Information shown.
—————

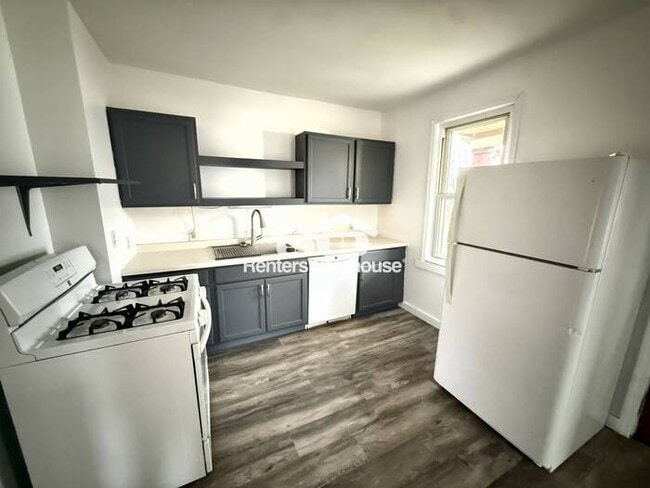 Photo - Updated Victorian near Downtown New Prague!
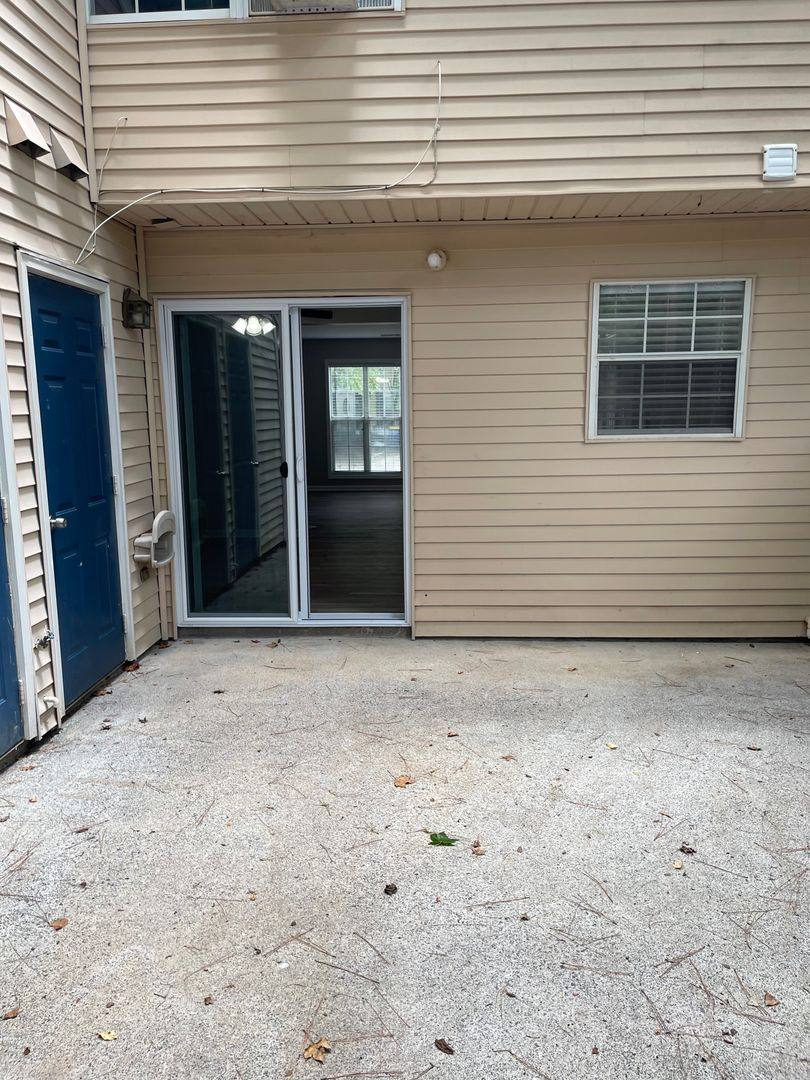 Townhouse for rent at 3555 Kennesaw Station Dr, Kennesaw, GA 30144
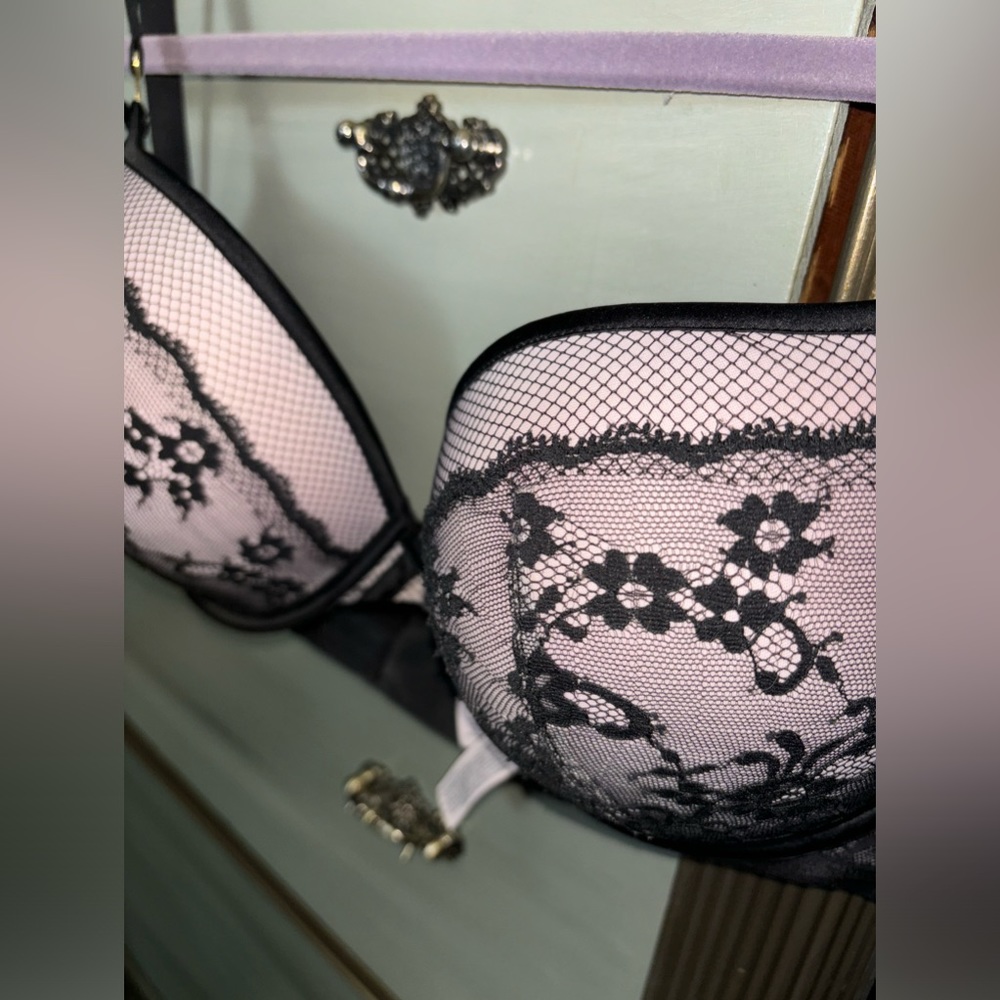 VS Very Sexy limited edition, push-up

—————

Work to be completed. Leaving the pictures out, copy exactly the lines from the line that contains "Townhouse for rent" to the last line of the data, both ends included.

Completed task.
 Townhouse for rent at 3555 Kennesaw Station Dr, Kennesaw, GA 30144
 VS Very Sexy limited edition, push-up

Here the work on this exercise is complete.